Scientific classification
- Kingdom: Animalia
- Phylum: Chordata
- Class: Amphibia
- Order: Gymnophiona
- Clade: Apoda
- Family: Herpelidae
- Genus: Boulengerula
- Species: B. fischeri
- Binomial name: Boulengerula fischeri Nussbaum and Hinkel, 1994

= Boulengerula fischeri =

- Genus: Boulengerula
- Species: fischeri
- Authority: Nussbaum and Hinkel, 1994
- Conservation status: VU

Species of amphibian

Boulengerula fischeri is a species of caecilian in the family Herpelidae. It is endemic to Rwanda and only known from around its type locality near Cyangugu, southwestern Rwanda. The specific name fischeri honours Eberhard Fischer, a German botanist who has worked with Rwandan fauna and flora. Common name Fischer's African caecilian has been coined for it. Live animals have the appearance of "live pink spaghetti".

==Description==
Adult males measure 301–386 mm and adult females 257–397 mm in total length. The holotype is an immature female 191 mm in total length. The heaviest specimens weighs nearly 5 g. The body is very slender, with a maximum body width of 4.6 mm. There are 183–205 primary annuli.
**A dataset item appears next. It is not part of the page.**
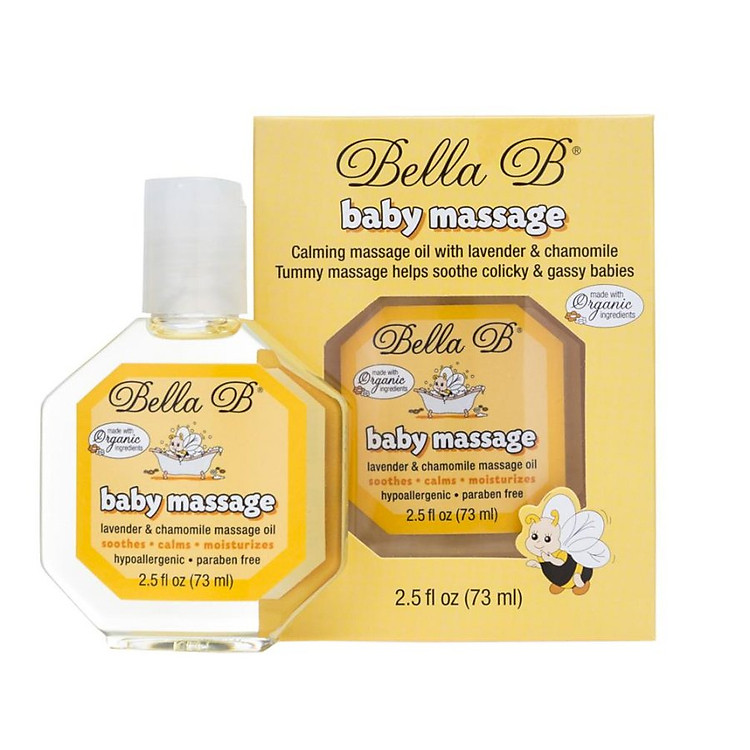 Dầu massage organic cho bé Bella B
Colouration is pinkish, with the head and neck and the posterior few centimeters of the body a brighter pink than the midbody, or a paler pink head, vivid pink anteriorly, and the body becoming more lavender posteriorly.

==Habitat and conservation==
Boulengerula fischeri is known from primary montane forest and small-holder farmland adjacent to the forest at elevations of 1743–2000 m above sea level. It lives in the soil, occasionally on the ground under leaf litter or plant stems. If similar to other Boulengerula, it would be oviparous and have direct development (no free-living larvae).

This species is locally abundant and tolerates some habitat modification. It could be threatened by deforestation and agricultural intensification, including the use of agrochemicals. The area of the type locality is now included in the Nyungwe Forest National Park.